Oui, si la conférence des territoires où doit être évoquée la cohésion de ces derniers, se tient à Paris, c’est simplement parce qu’évidemment, tout s’y trouve, et qu’il faut être à Paris pour se demander pourquoi, avec tant de territoires, il y a si peu de cohésion et de moins en moins de cohérence.

Ainsi, alors que la fracture entre Paris et la Province n’a jamais été aussi importante, la question de la décentralisation et de la déconcentration physique de l’Etat jacobin se pose de plus en plus fortement, avec désormais comme seule variable d’ajustement la volonté politique qui permettrait de mettre à jour un nouveau partage territorial.

« Paris n’est pas la France » parait-il… Pourtant, toute la France se concentre à Paris. Deux aéroports internationaux, 7 gares (puisque toutes les voies y mènent), tous les ministères, la totalité des grandes administrations, les deux Assemblées, les hautes juridictions, la Cour des Comptes, l’Inspection Générale des Finances, la Caisse des dépôts, la Banque de France, Le Conseil d’Etat, le Conseil Constitutionnel, les grands musées, les grands Lycées qui mènent aux grandes écoles voisines, les sièges des grandes institutions sportives, syndicales, scientifiques, culturelles, économiques, financières, les services du Premier Ministre et évidemment ceux de la Présidence de la République.

Depuis la délocalisation de l’ENA à Strasbourg en 1991, Paris n’a plus rien laissé échapper à son appétit de contrôle et de concentration.

Dans le même temps, le fossé qui sépare Paris de la Province continue de s’accroitre dangereusement jusqu’à fracturer deux France, politiques, économiques, éducationnelles, culturelles et finalement sociales. L’unité de la République, inscrite dans la Constitution n’est plus totalement garantie et l’Ile de France porte désormais parfaitement son nom, isolée qu’elle est au milieu d’un pays qui ne la comprend plus et qui lui tourne de plus en plus ostensiblement le dos.

L’opposition entre capitales et provinces nationales n’est pas une exception française, mais l’hyper-concentration Parisienne est une exception mondiale. Cette anomalie hexagonale suscite une opposition qui commence à prendre pieds dans une défiance dont se nourrissent bien plus que les simples antagonismes sportifs. Paris et la Province ne se reconnaissent plus et pour ceux qui vivent enfermés dans le fonctionnement cloisonné d’une ville-siège, il n’est plus question de prendre le pouls de notre pays, car ils ne le saisissent plus. Un soir où il nous racontait ses pérégrinations de Zèbre, Alexandre Jardin nous a lancé cette phrase : « À une heure de Paris, il y a un pays qui s’appelle la France. » Comme il a raison.

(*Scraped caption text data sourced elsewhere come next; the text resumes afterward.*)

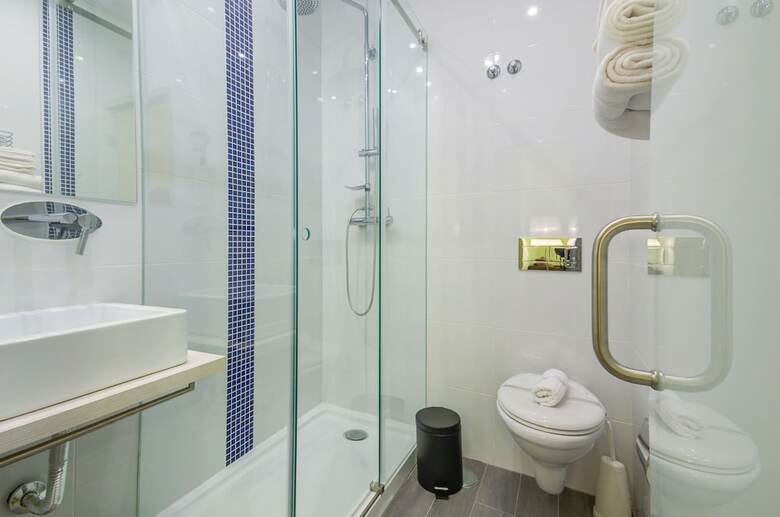 Hotel Inn Rossio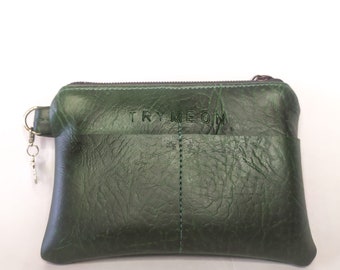 coin purse etsy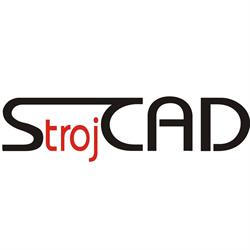 StrojCAD s.r.o.
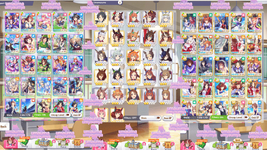 Untitled design (52).png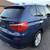 2013 BMW X3 xDrive28i AWD 4dr SUV 103000 Miles 7 thumbnail
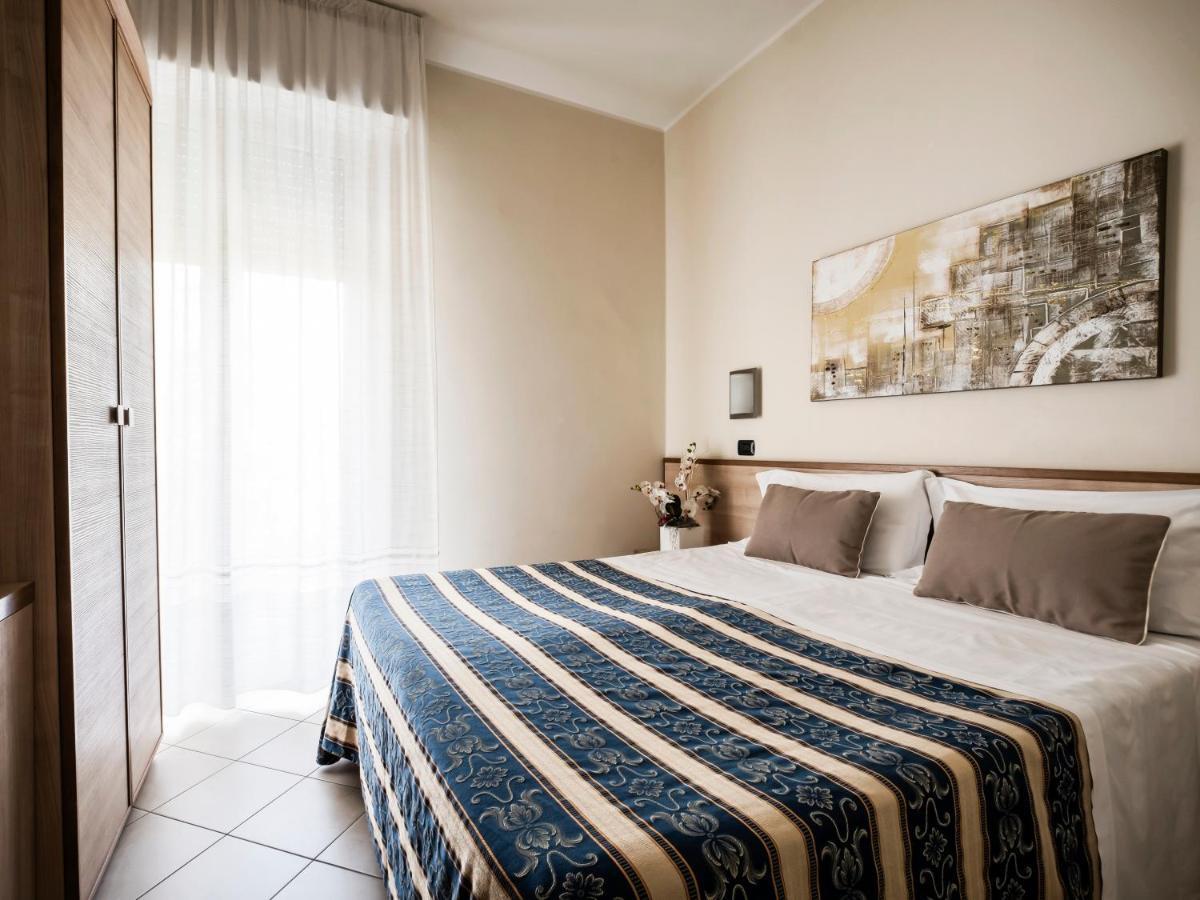 Bridge Hotel 3*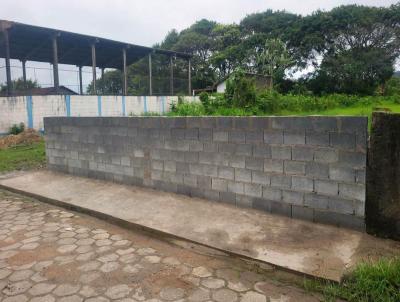 Terreno para Venda, em Itanham, bairro Nossa Senhora do Sion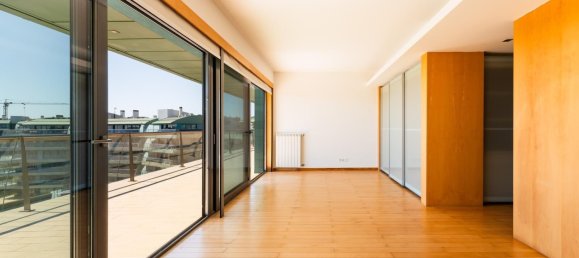 3 bedrooms Penthouse in Cascais, Portugal No. 134009 19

Il ne s’agit pas ici de vanter les beautés géographiques, géologiques, architecturales ou culturelles d’un pays qui n’a plus à faire la preuve de sa richesse, de sa diversité ou de son génie, mais au contraire de souligner ce qui derrière les apparences d’une unité de façade, fissure la République par la discrimination territoriale et par le fait que finalement, nos lois ne s’appliquent plus totalement de la même manière, notre triptyque n’a plus réellement le même sens et l’espérance plus du tout la même résonance.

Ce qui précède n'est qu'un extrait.